The experienced Hirscher overtook a quality field and in doing so, he finally collected a much-desired gold medal to go with the silver he won at Sochi 2014.
The Alpine combined event calls on skiers to perform a fast-downhill run, followed by a more technical slalom, and is a test of all-round Alpine mastery.
At the completion of the downhill leg, Hirscher was handily placed in 12th, just 1.32 seconds adrift of the quickest time set by Germany’s Thomas Dressen.
With a combined time of 2 minutes 6.52 seconds, Hirscher eventually finished 0.23 seconds quicker than France’s Alexis Pinturault, and 1.02 seconds ahead of third-placed and fellow Frenchman Victor Muffat-Jeandet, the early leader in the second stanza.
Hirscher’s all-round skills have delivered six successive overall World Cup titles – with a seventh currently within his grasp - and most believed the gold medal was his to lose. The 28-year-old didn’t disappoint.

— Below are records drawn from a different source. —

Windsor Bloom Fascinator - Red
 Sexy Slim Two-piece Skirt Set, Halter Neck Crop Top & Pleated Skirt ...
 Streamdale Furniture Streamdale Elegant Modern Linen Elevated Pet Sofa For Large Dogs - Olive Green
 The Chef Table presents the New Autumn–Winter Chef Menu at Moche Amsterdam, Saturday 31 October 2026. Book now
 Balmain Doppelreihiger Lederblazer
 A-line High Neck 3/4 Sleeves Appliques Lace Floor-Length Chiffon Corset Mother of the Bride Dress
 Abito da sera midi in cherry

Finishing in fourth position overall was Austrian Marco Schwarz, a triple gold medal winner at the Youth Olympic Games at Innsbruck 2012.
‘The perfect finish’
Hirscher admitted he felt ‘unbelievable’ to finally win gold at an Olympic Winter Games, but that he had to reach new heights to do so.
He said: “It was an amazing downhill, I think my best ever. I started in the slalom run and managed to find the right line and a pretty close position to Alex [Pinturault], so I'm super happy with today's result.
“It doesn’t feel real for now, but it’s dream coming true. All the people expected me to win a gold medal, especially in Austria, my home country, where skiing is big. Everyone is saying, 'Nice career, but an Olympic gold medal is still missing'. This is perfect, unbelievable.”
French double haul
“It's something really special,” said 26-year-old Pinturault of his podium finish. “Getting a silver medal is something unbelievable. To be here is already something really nice, I'm really proud to be racing for my country. Getting a medal, though, it's like a dream come true.”
"It was really important for me to be able to compete against the best after the downhill, starting close and pushing hard to make the slalom a difference. I come more from the technique side, so I could make a difference in the slalom.”
Muffat-Jeandet said: “It feel crazy. I think I will enjoy it more tomorrow and share with Alex [Pinturault], we're always together in the room.” The 28-year-old admits that while he was happy with bronze, he was disappointed it wasn’t better.
“My downhill wasn't so good, I don't understand why,” he said. “The day is so weird, because I had really good downhill training and I was focused on that, but it didn’t go as well as I hoped.”